Common Misconceptions

  • "o1 is just doing chain-of-thought prompting internally." While o1 does produce reasoning chains, the key difference is that this behavior was trained via reinforcement learning, not simply elicited through prompting. The model has learned when and how to reason, which approaches to try, and when to backtrack. A prompted model is improvising; o1 has practiced. The distinction is analogous to the difference between asking someone to sight-read a piano piece versus having them perform one they have rehearsed extensively.

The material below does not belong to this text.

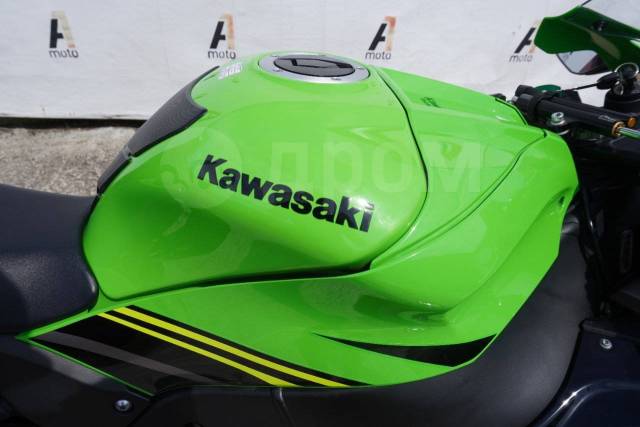 Kawasaki Ninja ZX-10R. 1 000. ., , ,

  • "o1 is better than GPT-4o at everything." o1 excels at reasoning-heavy tasks like math, science, and competitive programming, but it can be slower, more expensive, and sometimes worse at simple tasks where quick responses suffice. For creative writing, casual conversation, or straightforward factual queries, GPT-4o often produces better results faster and cheaper. o1 is a specialist in deep thinking, not a universal upgrade.

  • "The hidden chain-of-thought means we can't trust the model's reasoning." While the full chain is hidden from end users, OpenAI monitors it internally for safety and quality. The deliberative alignment approach actually makes safety reasoning more transparent to auditors, even if users see only summaries. The debate about whether chains should be visible is ongoing, with transparency advocates pushing for full disclosure and OpenAI citing competitive and usability concerns.

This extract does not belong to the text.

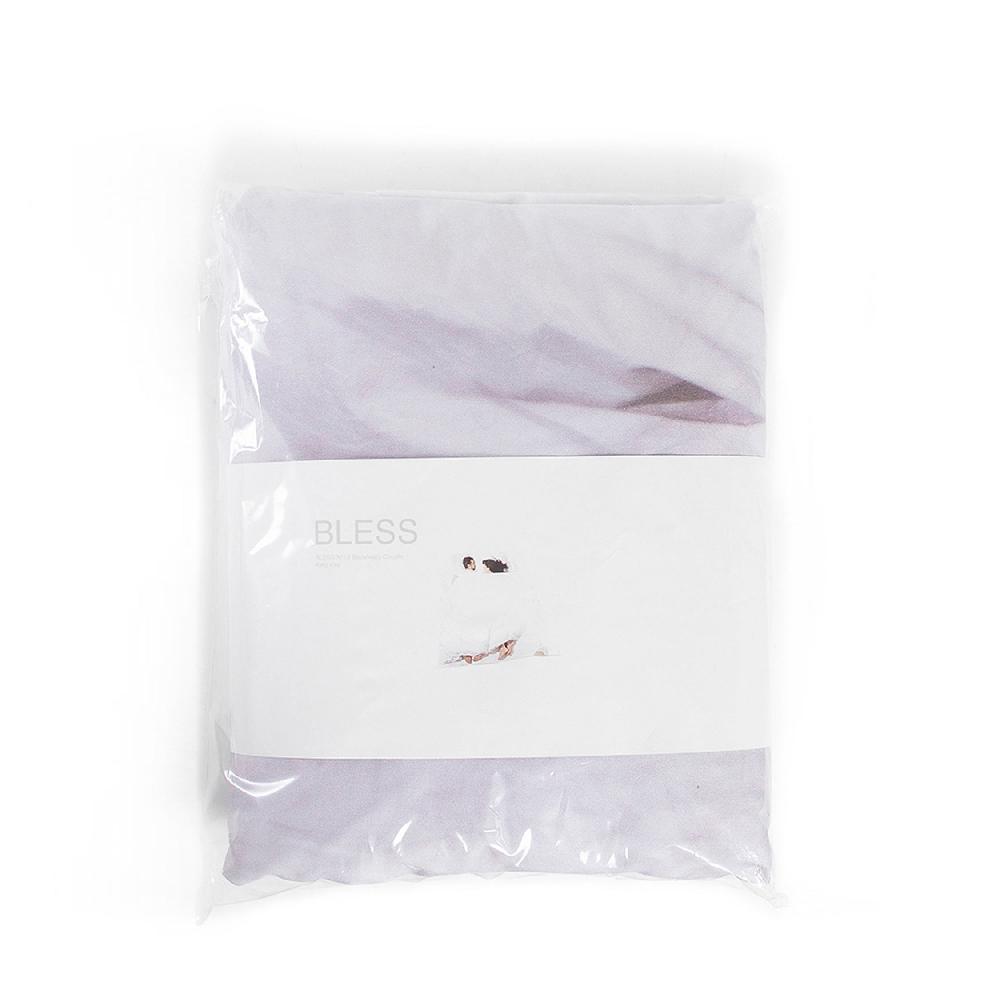 Antonioli BLESS UNISEX MULTICOLOR HOME & LIFESTYLE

  • "o1 made GPT-4 obsolete." GPT-4 and GPT-4o remained the recommended models for the majority of use cases throughout 2024 and into 2025. The o-series was positioned as a premium tier for problems that genuinely required deep reasoning. Most real-world AI applications do not need multi-minute reasoning chains.

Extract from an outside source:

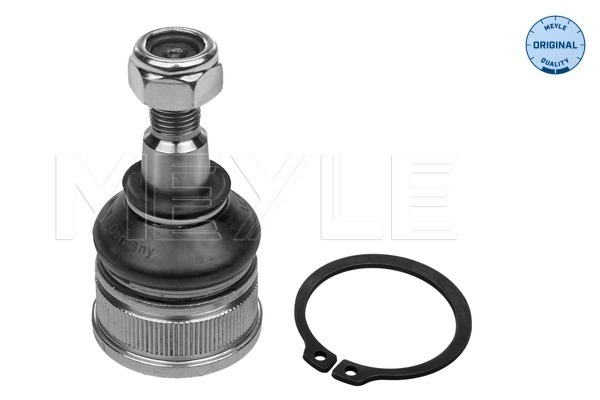 Ball Joint - 516 010 0006 MEYLE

Connections to Other Concepts

The o1 model spawned an entire family documented in 02-the-o-series-evolution.md, evolving through o3, o3-mini, and o4-mini with dramatic efficiency gains. DeepSeek replicated and extended the trained reasoning approach with open weights in 03-deepseek-r1.md. The theoretical foundations of inference-time scaling are explored in 04-test-time-compute-scaling.md. The broader shift from prompting tricks to trained reasoning capabilities is chronicled in 05-the-reasoning-paradigm-shift.md. Hybrid models that make reasoning optional are covered in 06-hybrid-thinking-models.md. For understanding the RLHF training foundation that o1 built upon, see 01-instructgpt-and-rlhf.md.

Further Reading

  • OpenAI, "Learning to Reason with LLMs" (2024) — the blog post announcing o1 and the reasoning paradigm.
  • OpenAI, "OpenAI o1 System Card" (2024) — safety evaluation and deliberative alignment details.
  • Snell et al., "Scaling LLM Test-Time Compute Optimally Can be More Effective than Scaling Model Parameters" (2024) — theoretical framework for inference-time scaling.
  • Wei et al., "Chain-of-Thought Prompting Elicits Reasoning in Large Language Models" (2022) — the prompting precursor to trained reasoning.
  • Lightman et al., "Let's Verify Step by Step" (2023) — process reward models that informed o1's step-level reasoning verification.
  • Cobbe et al., "Training Verifiers to Solve Math Word Problems" (2021) — early work on using verifiers to improve reasoning.
  • Uesato et al., "Solving Math Word Problems with Process- and Outcome-Based Feedback" (2022) — process vs outcome reward for mathematical reasoning.
  • Silver et al., "Mastering the Game of Go with Deep Neural Networks and Tree Search" (2016) — the AlphaGo precedent for combining neural networks with search, a conceptual ancestor of reasoning models.
  • Nye et al., "Show Your Work: Scratchpads for Intermediate Computation with Language Models" (2021) — early exploration of scratchpad-based reasoning in language models.
  • Wang et al., "Self-Consistency Improves Chain of Thought Reasoning in Language Models" (2023) — the inference-time scaling technique of sampling multiple reasoning paths.